“Al anochecer de aquel día, el día primero de la semana, estaban los discípulos en una casa con las puertas cerradas, por miedo a los judíos. Y en esto entró Jesús, se puso en medio y les dijo: «Paz a vosotros. Y diciendo esto, les enseñó las manos y el costado. Y los discípulos se llenaron de alegría al ver al Señor. Jesús repitió: Paz a vosotros. Como el Padre me ha enviado, así también os envío yo». Y, dicho esto, exhaló su aliento sobre ellos y les dijo: -«Recibid el Espíritu Santo; a quienes les perdonéis los pecados, les quedan perdonados; a quienes se los retengáis, les quedan retenidos»”. (Jn 20, 19-22)
El segundo domingo de Pascua es el domingo de la Divina Misericordia. El objetivo de esta semana será, por lo tanto, meditar sobre la Misericordia de Dios y sobre sus consecuencias para nosotros.

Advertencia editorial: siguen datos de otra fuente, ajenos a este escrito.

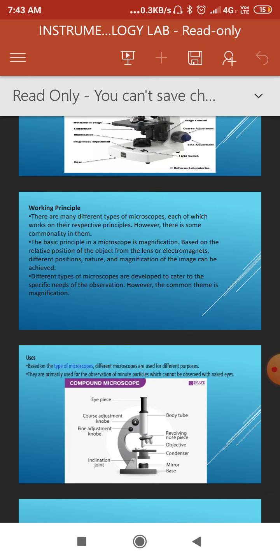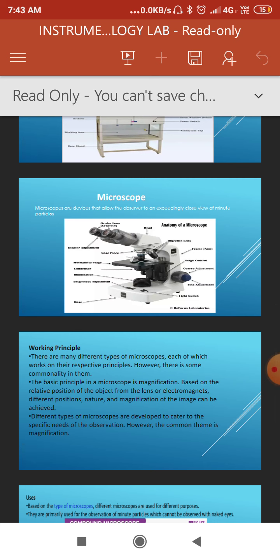The complete microscope figure shows its parts organized into systems. The support system consists of the base, pillars, handle or arm, body tube, stage, and nosepiece. The adjustment system includes coarse adjustment and fine adjustment controls.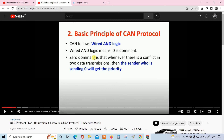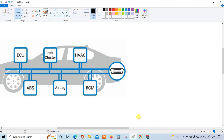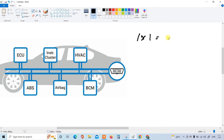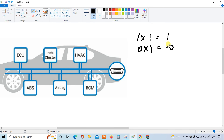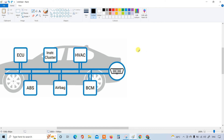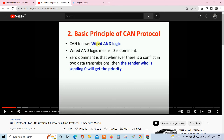Now starting with CAN and wired-AND logic. What is AND logic? It's a truth table from digital electronics. When one AND one is one, and zero AND one is zero — that's AND logic. Any number multiplied with zero gives zero. That is AND logic.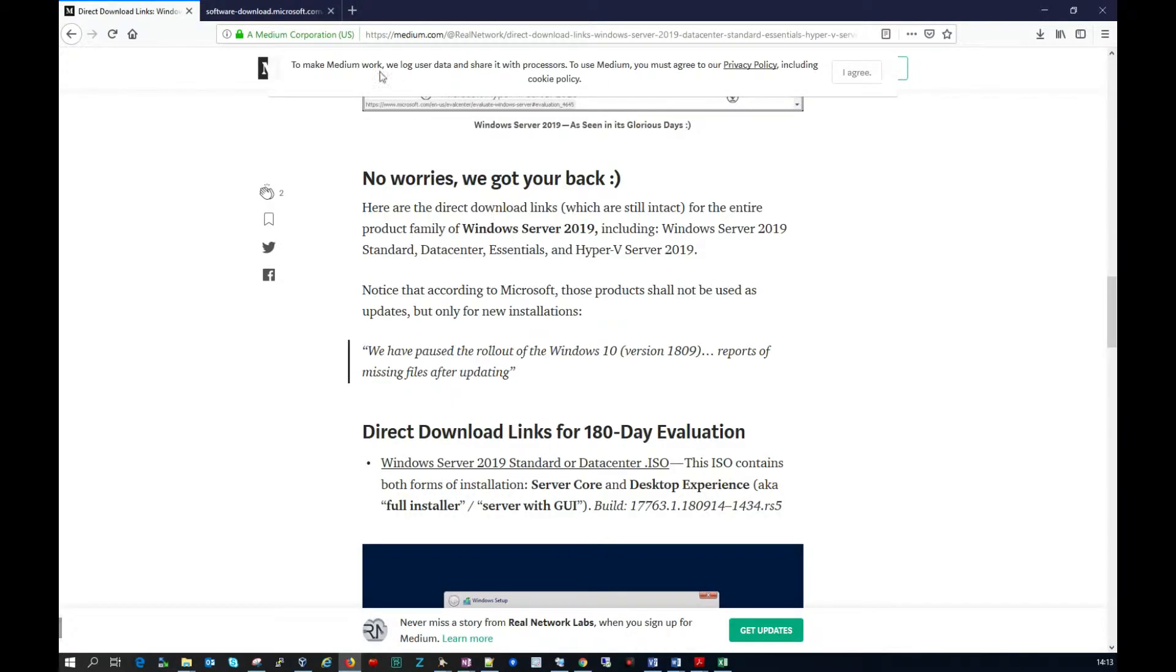So I use this link here to pull down the ISO and I'll leave that below where you can just copy and paste that to download the ISO. Just for full disclosure I got it from medium.com. So I'll leave a link to where you can get this and with that let's get started.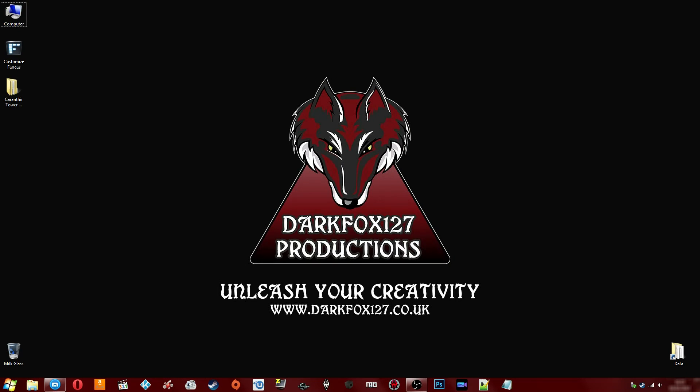Hi, this is DarkFox127 and welcome to a Creation Kit video. This video is pretty much very random to come out of nowhere because I was surprised to find something out.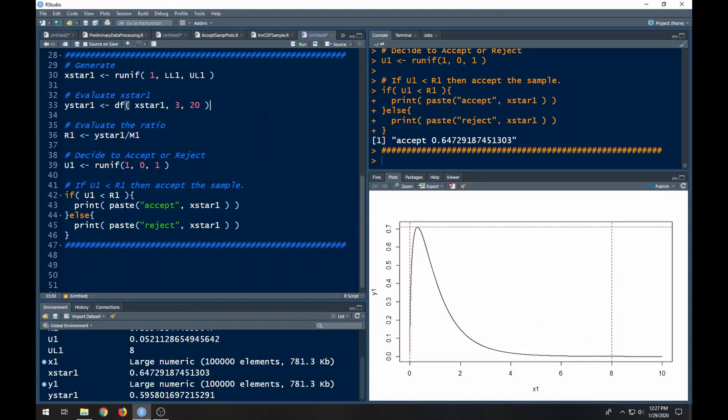Welcome to the R video tutorial on acceptance rejection sampling part two. If you haven't looked at the previous videos you can look at the little card above or in the description below.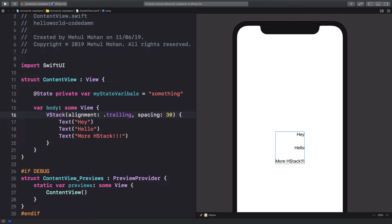Elements would be shifted to the right for languages like English. For languages like Arabic which are right to left, you're going to get the opposite behavior. So all of that is managed by SwiftUI itself.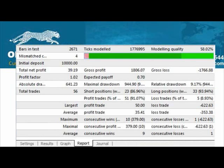The most important piece is the report, and this is where it actually breaks down all the statistics for the strategy. The absolute first thing you need to look at is the modeling quality. If it's anything less than 90%, it's junk.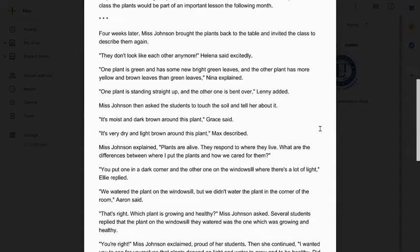Four weeks later, Ms. Johnson brought the plants back to the table and invited the class to describe them again. 'They don't look like each other anymore,' Helena said excitedly. 'One plant is green and has some new bright green leaves, and the other plant has more yellow and brown leaves than green leaves,' Nina explained. 'One plant is standing straight up and the other one is bent over,' Lenny added. Ms. Johnson asked the students to touch the soil. 'It's moist and dark brown around this plant,' Grace said. 'It's very dry and light brown around this plant,' Max described. Ms. Johnson explained that plants are alive and they respond to where they live. She asked what the differences were between where the plants were placed and how they were cared for. 'You put one in a dark corner and the other one on the windowsill where there's a lot of light,' Ellie replied. 'We watered the plant on the windowsill, but we didn't water the plant in the corner of the room,' Erin said.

Lo primero es agradecerle al Señor que nos dé el regalo del perdón de los pecados. El Evangelio de hoy dice expresamente que ese fue uno de los dones del Resucitado. Cristo instituyó el sacramento del perdón de los pecados tras su resurrección, puesto que ese perdón estaba ligado a los méritos que Él ganó para nosotros derramando su sangre. Su sacrificio en la Cruz fue el que consiguió para el hombre el perdón de los pecados. Es un don extraordinario e inmerecido y no podemos caer en la trampa de que tenemos derecho a ese perdón simplemente porque hagamos el acto, a veces difícil, de confesar los pecados; siempre es un regalo de Dios y como tal hay que recibirlo y agradecerlo.
Pero también la contemplación de la misericordia divina debe llevarnos a la imitación. Tengamos misericordia como Dios tiene misericordia de nosotros. Perdonemos como necesitamos ser perdonados. Ayudemos al prójimo como nos gustaría que nos ayudaran o como el propio Cristo nos ha ayudado. Seamos nosotros el instrumento que Dios usa para impartir su misericordia.